The majority of machine learning models contain parameters that can be adjusted to vary how the model learns. For example, the logistic regression model, from sklearn, has a parameter C that controls regularization,which affects the complexity of the model.

How do we pick the best value for C? The best value is dependent on the data used to train the model.

How does it work?
One method is to try out different values and then pick the value that gives the best score. This technique is known as a grid search. If we had to select the values for two or more parameters, we would evaluate all combinations of the sets of values thus forming a grid of values.

Higher values of C tell the model, the training data resembles real world information, place a greater weight on the training data. While lower values of C do the opposite.

In [2]:
from sklearn import datasets
from sklearn.linear_model import LogisticRegression

iris = datasets.load_iris()

X = iris['data']
y = iris['target']

logit = LogisticRegression(max_iter = 10000)

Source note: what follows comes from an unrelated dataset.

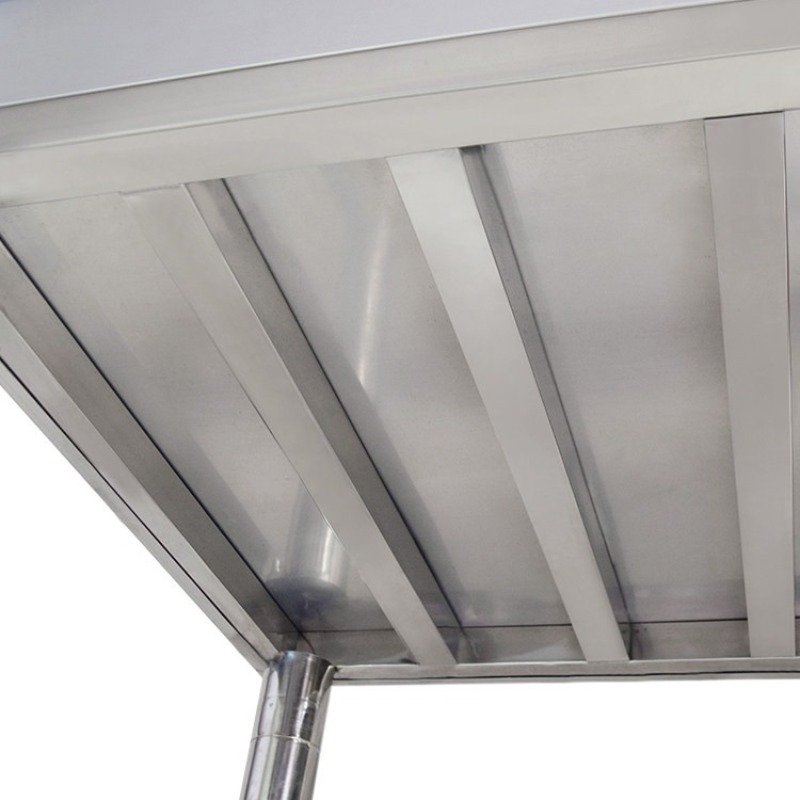 Stainless steel freestanding s - đánh giá và giá Commercial Kitchen Worktops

C = [0.25, 0.5, 0.75, 1, 1.25, 1.5, 1.75, 2]

scores = []

for choice in C:
  logit.set_params(C=choice)
  logit.fit(X, y)
  scores.append(logit.score(X, y))

print(scores)
# We can see that the lower values of C performed worse than the base parameter of 1. 
# As we increased the value of C to 1.75 the model experienced increased accuracy.
# It seems that increasing C beyond this amount does not help increase model accuracy.

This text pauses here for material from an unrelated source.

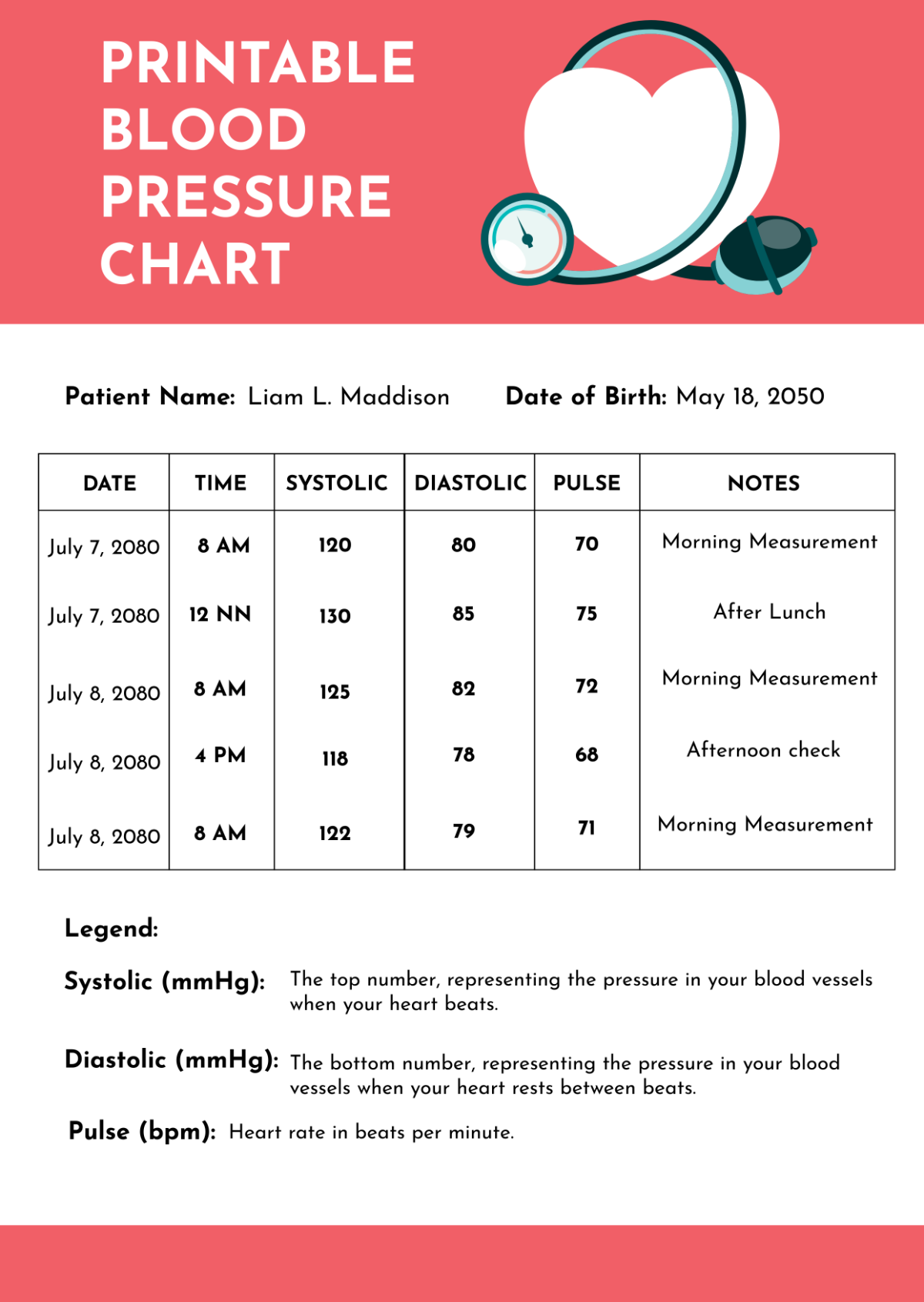 Free Printable Blood Pressure Chart Template To Edit Online Free Printable Blood Pressure Chart Template To Edit Online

[0.9666666666666667, 0.9666666666666667, 0.9733333333333334, 0.9733333333333334, 0.98, 0.98, 0.9866666666666667, 0.9866666666666667]


We scored our logistic regression model by using the same data that was used to train it. If the model corresponds too closely to that data, it may not be great at predicting unseen data. This statistical error is known as over fitting.

To avoid being misled by the scores on the training data, we can put aside a portion of our data and use it specifically for the purpose of testing the model. Refer to the lecture on train/test splitting to avoid being misled and overfitting.